Pour avoir négocié avec les Britanniques dans un autre domaine, je peux vous dire que les négociations avec eux, comme avec les Canadiens et les Norvégiens, ne sont pas faciles. Très vite, ils s'inscrivent dans une stratégie de la rupture. J'imagine très bien les Britanniques dire qu'ils veulent un accord global et, subitement, changer de pied, les marins pêcheurs britanniques montant au créneau en menant des actions très dures, avec la complicité bienveillante du Gouvernement.
Bien sûr, il faut mener une négociation globale englobant tous les pays européens, mais ne laissons pas de côté nos partenaires de l'Espace économique européen que sont les Islandais et les Norvégiens, sans oublier le Groenland. En tant que président du groupe d'amitié France-Europe du Nord, je connais bien ces gens, et ils ne sont pas très bien considérés par l'Union européenne. Nous, Français, devrions établir des relations bilatérales avec l'Islande, par exemple, qui vient de nommer l'un de ses plus brillants diplomates, Gunnar Snorri Gunnarsson, francophile, pour conduire les négociations sur le Brexit. Celui-ci s'inquiète de ses conséquences, sachant que le Royaume-Uni est le deuxième client de l'Islande - 12 % de ses exportations, essentiellement du poisson. Les Britanniques, puissance occupante durant la Seconde Guerre mondiale, après les Américains, considéraient ce pays comme leur « bac à poisson ».
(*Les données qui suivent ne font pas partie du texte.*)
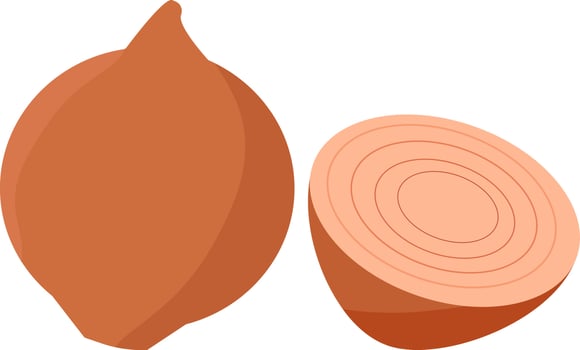 Onions, illustration, vector on white background.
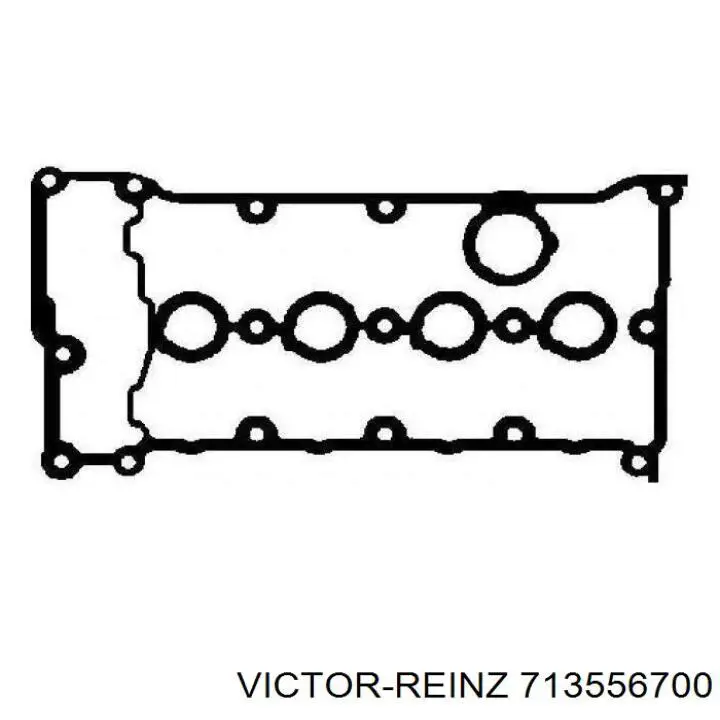 713556700 Victor Reinz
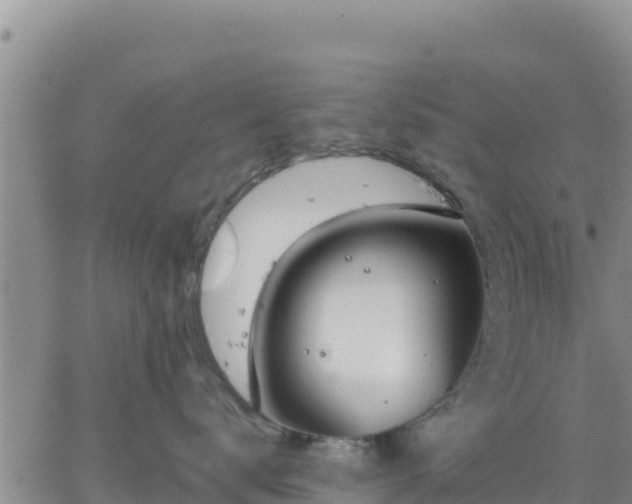 X0000064750672200602171734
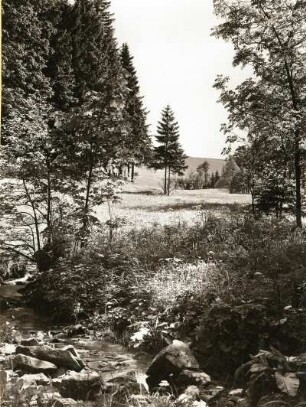 Nähe Oelsengrund, südlich von Bad Gottleuba. Naturschutzgebiet am Sattelberg. Grenzbach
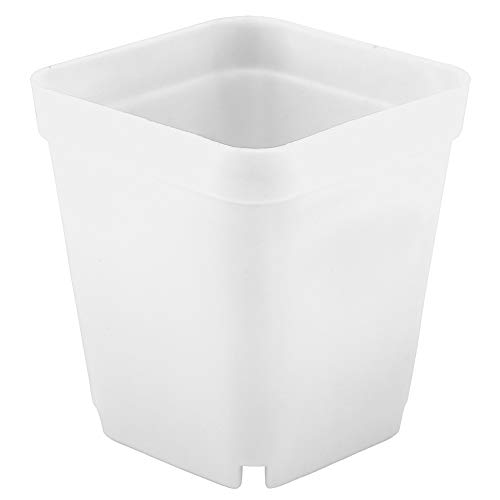 Atyhao 20pcs Mini Modern Succulent Plant Pots Small plastic Containers, Scrub square Pots(white)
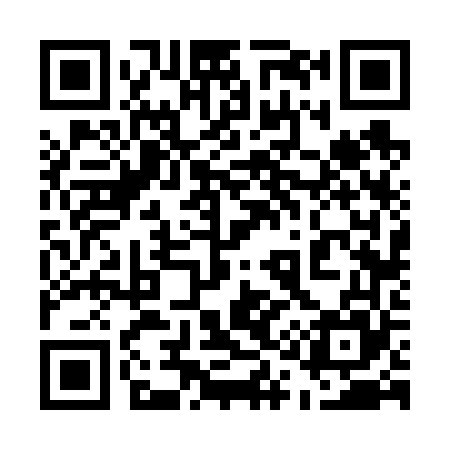 QR code for 516665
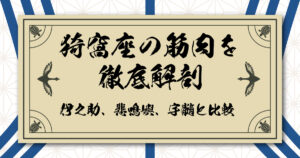 猗窩座の筋肉を徹底解剖！武術で磨き上げた身体を伊之助、悲鳴嶼、宇髄と比較
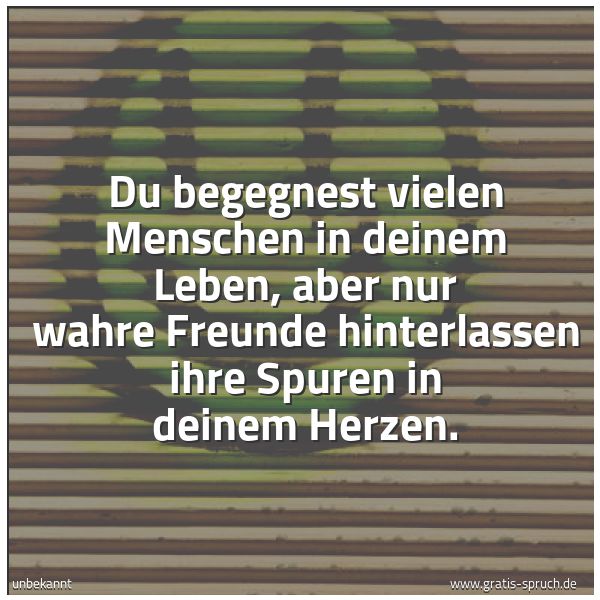 Spruchbild mit dem Text 'Du begegnest vielen Menschen in deinem Leben,
aber nur wahre Freunde hinterlassen ihre Spuren
in deinem Herzen.'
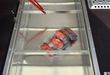 IMG-20160405-WA0020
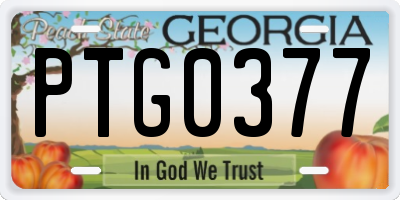 GA license plate PTG0377
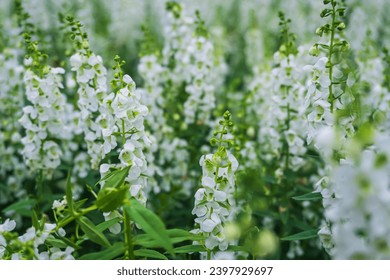 Close up of white Angelonia flowers and green leaves at King Rama 9 Park ,Bangkok Thailand - Powered by Shutterstock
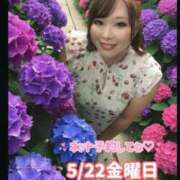 ヒメ日記 2026/05/20 23:04 投稿 みその 西船人妻花壇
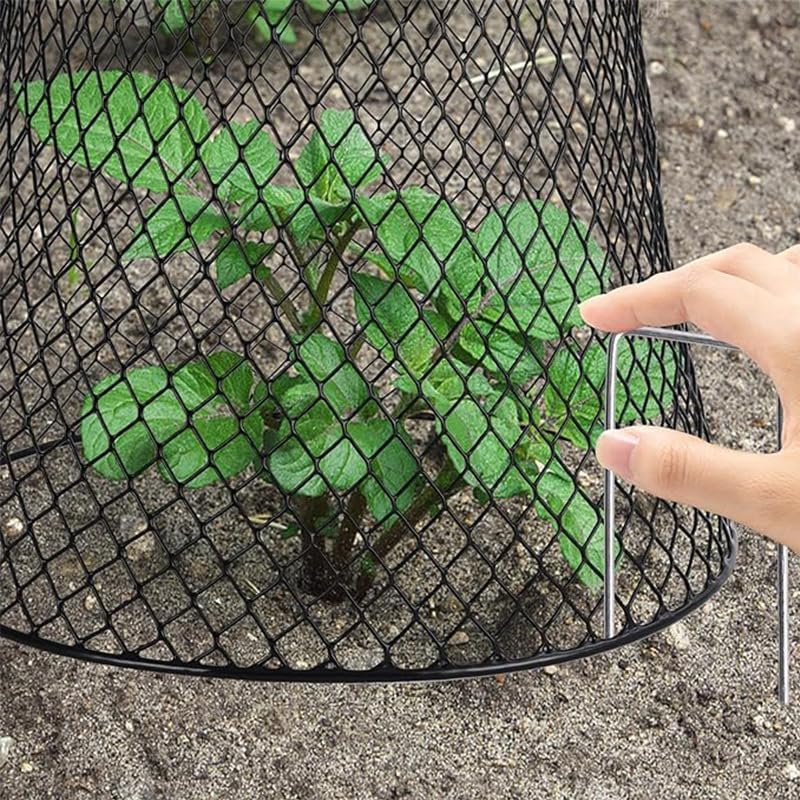 5 Pcs Chicken Wire Plant Covers Protectors from Animals, Metal Mesh Plant Cage, Large Garden Cloches Plants for Plants Cages Cover Plant Protectors from Animals in Outdoor Vegetable Garden image number 2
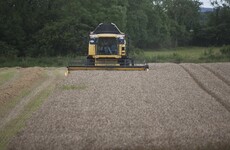 Tillage farmers call for 'humanitarian' relief after the loss of entire crops in dire harvest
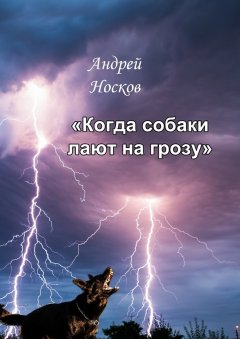 Андрей Носков - Когда собаки лают на грозу. Тонкие детали должны быть замечены
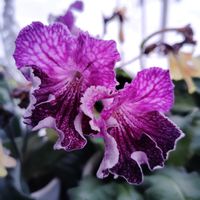 ストレプトカーパス,ストレプトカーパス・ルイアナ,花のある暮らし,イワタバコ科,北海道からの画像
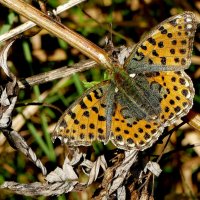 опять про бабочек 43 :: Александр Прокудин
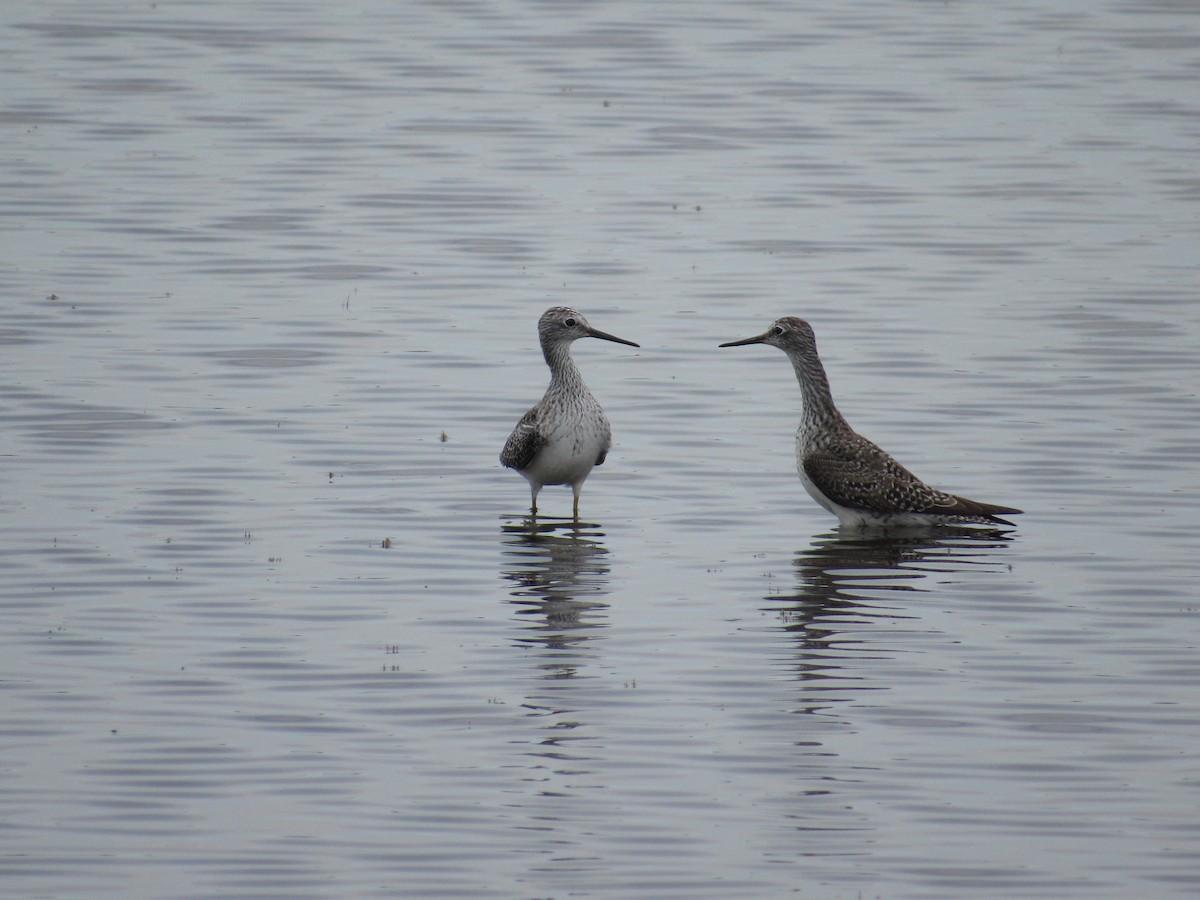 Greater Yellowlegs - ML93881891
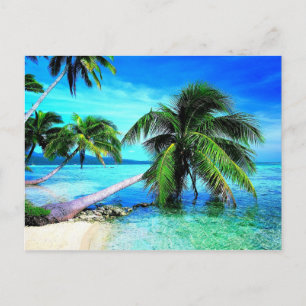 Palm Tree Tropical Island Beach Postcard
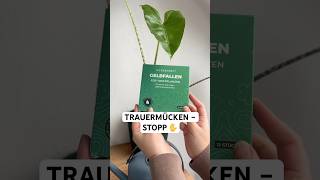 Trauermücken in der Blumenerde? So bin ich sie mit Nematoden komplett losgeworden, ganz ohne Chemie!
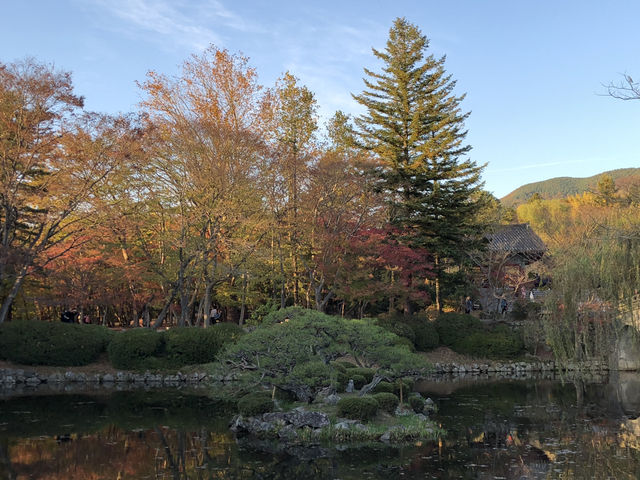 🕊️ 경주, 불국사와 석굴암에서 만난 신비로운 역사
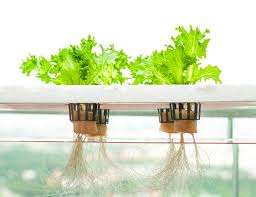 Hiểu Rõ Về Canh Tác Truyền Thống Trên Đất Và Các Loại Canh Tác Hiện Đại Khác 4 images 1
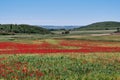 Field of Red Poppies in Spain Royalty Free Stock Photo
Les Islandais ont la chance de connaître une phase de plein développement économique. Les pêcheries, auparavant leur première industrie, viennent tout juste d'être dépassées par le tourisme, qui connaît une forte expansion. Au sein de la société islandaise, on assiste à un phénomène de contestation à la fois des pêcheurs, des pêcheries et à des prélèvements exagérés. Les élections d'octobre dernier ont été assez tendues et ont beaucoup porté sur la surexploitation de la ressource marine.
La Commission européenne a toujours très mal mené les négociations sur la pêche avec la Norvège et l'Islande, d'autant que ces pays devraient être complètement intégrés à l'Union européenne. Kim Kielsen, le Premier ministre du Groenland, ancien marin pêcheur, me disait que les calculs de la ressource et des quotas réalisés par l'Union européenne étaient nuls, à tel point que le Groenland a passé des accords avec les Allemands pour fixer leurs propres quotas et disposer d'une contre-expertise. La France aurait donc intérêt à regarder du côté de la Norvège, de l'Islande et du Groenland, qui sont tout à fait demandeurs. Sur cette question de la pêche, on ne peut pas les renvoyer à la rigueur technocratique bruxelloise et leur dire que c'est à prendre ou à laisser. C'est tout de même l'une de leurs premières activités économiques !
Ces pays, qui nous sont associés à travers l'Espace économique européen, nous disent que l'on négocie des traités avec la Corée du Sud, les États-Unis et le Canada et ont le sentiment d'être la cinquième roue du carrosse et de devoir accepter toutes nos conditions sans être associés.